A Climate Group report on electricity generation and its emissions, covering all states except Western Australia, found 83 per cent of power used in 2009 came from greenhouse-intensive coal. Nine per cent was from renewable sources – mainly hydro power – and 8 per cent from gas.
From overseas:
“Ban announces high-level panel to tackle global sustainability issues” – The UN News Centre, 9th August
Secretary-General Ban Ki-moon today unveiled a new panel on global sustainability that is tasked with finding ways to lift people out of poverty while tackling climate change and ensuring that economic development is environmentally friendly.
“I have asked the Panel to think big,” the Secretary-General told reporters in New York today. “The time for narrow agendas and narrow thinking is over.”

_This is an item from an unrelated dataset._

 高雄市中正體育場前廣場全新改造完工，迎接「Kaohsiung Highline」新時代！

To be co-chaired by Finland’s President Tarja Halonen and South African President Jacob Zuma, the 21-member High-Level Panel on Global Sustainability brings together representatives from government, the private sector and civil society in countries rich and poor.
It is essential, Mr. Ban said, to promote low-carbon growth and enhance resilience to climate change’s impacts, as well as to tackle the intertwined challenges posed by poverty, hunger, water and energy security.

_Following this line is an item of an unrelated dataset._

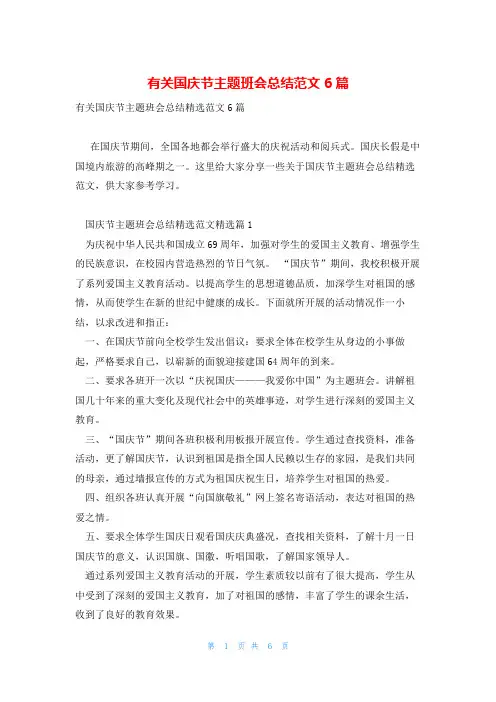 有关国庆节主题班会总结范文6篇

“In short, we need a new blueprint for a more livable, prosperous and sustainable future for all,” he stressed.
“The Necessity of Smart Grids” RenewableEnergyWorld.com, 9th of Aug 2010
You could argue that smart grids are unnecessary and that traditional system reinforcement with copper and steel will do the job. I can’t argue the physics of that, but I can argue on the commercial side. I know of a utility that complains that 30 percent of its copper and steel is idle for 350 days of the year, only getting used during the peak of summer. And its forecast is that this will progressively get more extreme with time. To install more metal infrastructure for progressively shorter periods of peak demand is just not economically feasible.
“Portugal Gives Itself a Clean-Energy Makeover” New York Times, 9th Aug 2010
Five years ago, the leaders of this sun-scorched, wind-swept nation made a bet: To reduce Portugal’s dependence on imported fossil fuels, they embarked on an array of ambitious renewable energy projects — primarily harnessing the country’s wind and hydropower, but also its sunlight and ocean waves.
Today, Lisbon’s trendy bars, Porto’s factories and the Algarve’s glamorous resorts are powered substantially by clean energy. Nearly 45 percent of the electricity in Portugal’s grid will come from renewable sources this year, up from 17 percent just five years ago.